- Opening Delimiter -

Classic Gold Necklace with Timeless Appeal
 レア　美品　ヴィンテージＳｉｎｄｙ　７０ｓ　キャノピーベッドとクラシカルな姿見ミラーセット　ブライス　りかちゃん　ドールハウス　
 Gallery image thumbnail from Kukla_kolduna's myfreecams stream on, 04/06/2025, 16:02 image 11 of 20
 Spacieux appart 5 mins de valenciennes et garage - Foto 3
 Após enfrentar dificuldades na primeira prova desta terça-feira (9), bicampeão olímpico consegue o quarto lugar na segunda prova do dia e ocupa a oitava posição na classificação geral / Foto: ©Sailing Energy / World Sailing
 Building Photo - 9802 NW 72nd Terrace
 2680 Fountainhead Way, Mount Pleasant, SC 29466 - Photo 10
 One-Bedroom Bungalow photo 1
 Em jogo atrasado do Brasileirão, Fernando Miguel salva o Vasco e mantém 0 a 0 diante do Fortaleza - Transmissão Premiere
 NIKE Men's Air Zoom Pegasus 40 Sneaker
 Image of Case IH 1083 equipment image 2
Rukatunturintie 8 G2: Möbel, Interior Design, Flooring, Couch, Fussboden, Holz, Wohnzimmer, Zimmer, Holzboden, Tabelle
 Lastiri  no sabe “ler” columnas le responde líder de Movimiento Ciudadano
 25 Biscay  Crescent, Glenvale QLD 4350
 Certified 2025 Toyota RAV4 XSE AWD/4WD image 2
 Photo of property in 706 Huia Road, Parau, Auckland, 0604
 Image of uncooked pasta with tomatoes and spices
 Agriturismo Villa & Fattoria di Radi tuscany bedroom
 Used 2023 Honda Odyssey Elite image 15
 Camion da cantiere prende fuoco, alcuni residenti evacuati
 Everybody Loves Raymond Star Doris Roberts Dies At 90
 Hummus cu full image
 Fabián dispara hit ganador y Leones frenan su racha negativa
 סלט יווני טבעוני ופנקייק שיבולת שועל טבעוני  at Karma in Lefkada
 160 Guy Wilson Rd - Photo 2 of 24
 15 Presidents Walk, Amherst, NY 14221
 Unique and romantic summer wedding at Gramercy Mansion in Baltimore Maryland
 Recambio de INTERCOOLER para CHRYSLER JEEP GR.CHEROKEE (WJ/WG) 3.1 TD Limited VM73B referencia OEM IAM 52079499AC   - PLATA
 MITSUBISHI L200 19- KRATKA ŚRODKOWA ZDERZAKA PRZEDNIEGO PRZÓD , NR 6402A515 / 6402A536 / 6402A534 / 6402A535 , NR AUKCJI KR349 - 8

- Closing Delimiter -

**Exercise instructions**
Copy out the whole listing, word for word.

**Solution to this task**
Classic Gold Necklace with Timeless Appeal
 レア　美品　ヴィンテージＳｉｎｄｙ　７０ｓ　キャノピーベッドとクラシカルな姿見ミラーセット　ブライス　りかちゃん　ドールハウス　
 Gallery image thumbnail from Kukla_kolduna's myfreecams stream on, 04/06/2025, 16:02 image 11 of 20
 Spacieux appart 5 mins de valenciennes et garage - Foto 3
 Após enfrentar dificuldades na primeira prova desta terça-feira (9), bicampeão olímpico consegue o quarto lugar na segunda prova do dia e ocupa a oitava posição na classificação geral / Foto: ©Sailing Energy / World Sailing
 Building Photo - 9802 NW 72nd Terrace
 2680 Fountainhead Way, Mount Pleasant, SC 29466 - Photo 10
 One-Bedroom Bungalow photo 1
 Em jogo atrasado do Brasileirão, Fernando Miguel salva o Vasco e mantém 0 a 0 diante do Fortaleza - Transmissão Premiere
 NIKE Men's Air Zoom Pegasus 40 Sneaker
 Image of Case IH 1083 equipment image 2
Rukatunturintie 8 G2: Möbel, Interior Design, Flooring, Couch, Fussboden, Holz, Wohnzimmer, Zimmer, Holzboden, Tabelle
 Lastiri  no sabe “ler” columnas le responde líder de Movimiento Ciudadano
 25 Biscay  Crescent, Glenvale QLD 4350
 Certified 2025 Toyota RAV4 XSE AWD/4WD image 2
 Photo of property in 706 Huia Road, Parau, Auckland, 0604
 Image of uncooked pasta with tomatoes and spices
 Agriturismo Villa & Fattoria di Radi tuscany bedroom
 Used 2023 Honda Odyssey Elite image 15
 Camion da cantiere prende fuoco, alcuni residenti evacuati
 Everybody Loves Raymond Star Doris Roberts Dies At 90
 Hummus cu full image
 Fabián dispara hit ganador y Leones frenan su racha negativa
 סלט יווני טבעוני ופנקייק שיבולת שועל טבעוני  at Karma in Lefkada
 160 Guy Wilson Rd - Photo 2 of 24
 15 Presidents Walk, Amherst, NY 14221
 Unique and romantic summer wedding at Gramercy Mansion in Baltimore Maryland
 Recambio de INTERCOOLER para CHRYSLER JEEP GR.CHEROKEE (WJ/WG) 3.1 TD Limited VM73B referencia OEM IAM 52079499AC   - PLATA
 MITSUBISHI L200 19- KRATKA ŚRODKOWA ZDERZAKA PRZEDNIEGO PRZÓD , NR 6402A515 / 6402A536 / 6402A534 / 6402A535 , NR AUKCJI KR349 - 8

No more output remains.